(Task instructions) From the entries below, return only the lines starting at the one that contains "27 Ellis Street, Red" and ending at the one that contains "photos 1 Trakker", exactly as they stand.

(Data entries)
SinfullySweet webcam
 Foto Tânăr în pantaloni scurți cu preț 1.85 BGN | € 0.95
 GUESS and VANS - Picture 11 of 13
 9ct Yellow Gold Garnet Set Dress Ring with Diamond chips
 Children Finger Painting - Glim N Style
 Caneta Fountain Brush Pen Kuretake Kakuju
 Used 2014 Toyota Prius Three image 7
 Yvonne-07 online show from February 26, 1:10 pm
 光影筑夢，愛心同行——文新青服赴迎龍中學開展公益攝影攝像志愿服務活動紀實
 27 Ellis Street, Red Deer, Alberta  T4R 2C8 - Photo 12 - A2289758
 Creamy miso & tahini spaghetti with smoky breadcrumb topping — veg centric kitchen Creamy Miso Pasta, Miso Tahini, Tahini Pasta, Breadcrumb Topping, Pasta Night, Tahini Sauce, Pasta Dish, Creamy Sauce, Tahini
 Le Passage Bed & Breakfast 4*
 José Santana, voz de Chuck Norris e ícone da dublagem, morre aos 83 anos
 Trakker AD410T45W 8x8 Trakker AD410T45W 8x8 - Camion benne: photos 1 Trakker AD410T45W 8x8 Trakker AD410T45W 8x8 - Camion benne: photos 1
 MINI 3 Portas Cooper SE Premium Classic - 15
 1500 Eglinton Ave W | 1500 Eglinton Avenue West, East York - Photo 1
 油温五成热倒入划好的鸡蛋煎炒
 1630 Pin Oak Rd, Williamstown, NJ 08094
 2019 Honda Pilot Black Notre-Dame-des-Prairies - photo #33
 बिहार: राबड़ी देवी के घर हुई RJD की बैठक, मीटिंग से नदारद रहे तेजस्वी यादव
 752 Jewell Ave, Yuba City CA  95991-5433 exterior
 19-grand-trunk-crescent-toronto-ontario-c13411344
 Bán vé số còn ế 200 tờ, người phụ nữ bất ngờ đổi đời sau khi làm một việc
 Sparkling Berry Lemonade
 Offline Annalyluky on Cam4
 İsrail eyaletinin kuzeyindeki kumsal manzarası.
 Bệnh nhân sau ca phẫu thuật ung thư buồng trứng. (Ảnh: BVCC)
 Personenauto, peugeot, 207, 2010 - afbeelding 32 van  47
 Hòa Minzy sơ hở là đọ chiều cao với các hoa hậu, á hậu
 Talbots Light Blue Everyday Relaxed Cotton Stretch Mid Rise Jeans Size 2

(Result of this exercise)
 27 Ellis Street, Red Deer, Alberta  T4R 2C8 - Photo 12 - A2289758
 Creamy miso & tahini spaghetti with smoky breadcrumb topping — veg centric kitchen Creamy Miso Pasta, Miso Tahini, Tahini Pasta, Breadcrumb Topping, Pasta Night, Tahini Sauce, Pasta Dish, Creamy Sauce, Tahini
 Le Passage Bed & Breakfast 4*
 José Santana, voz de Chuck Norris e ícone da dublagem, morre aos 83 anos
 Trakker AD410T45W 8x8 Trakker AD410T45W 8x8 - Camion benne: photos 1 Trakker AD410T45W 8x8 Trakker AD410T45W 8x8 - Camion benne: photos 1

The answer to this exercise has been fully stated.